玄圃一下就被神奇地涤荡乾净吗?还是————加快崩解的进程?
思绪的变动只在一个小小的瞬间,他还没有理清,这时候他听见南都断续的哑声。
裴液回过头去,女子用力握着喉间的剑,掌心割出血来,从刚刚开始,她就一直恐惧地望着他发出声音。
「没————没有————」
「什麽?」裴液道。
「没有了————玄圃————他」会————进来的————」她颤抖着嘶哑道。」
「」
裴液感觉周围的一切忽然安静了。
风停雪止,那些妖兽也定格,仿佛全都结成了一幅画。
他猛地转身望向狡,但「裴液」的脸已经僵死了,它直直地望着裴液,似乎想要说什麽,两行血泪从眼角流淌下来。

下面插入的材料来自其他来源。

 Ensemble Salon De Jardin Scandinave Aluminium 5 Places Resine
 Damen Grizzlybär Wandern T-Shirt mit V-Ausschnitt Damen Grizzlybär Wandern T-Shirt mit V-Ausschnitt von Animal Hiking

一只乾净的手伸入裴液的视野里,从它额上摘下了那枚黄符。
於是它彻底不动了。
然後一只布鞋踏进来,踩碎了地上的草环。
「阴神、立狱,俱是难得一见的神术。天赋可为绝顶了,全真那个王久桥,看起来也差他一筹。」温缓的声音响在裴液耳边,含着淡笑。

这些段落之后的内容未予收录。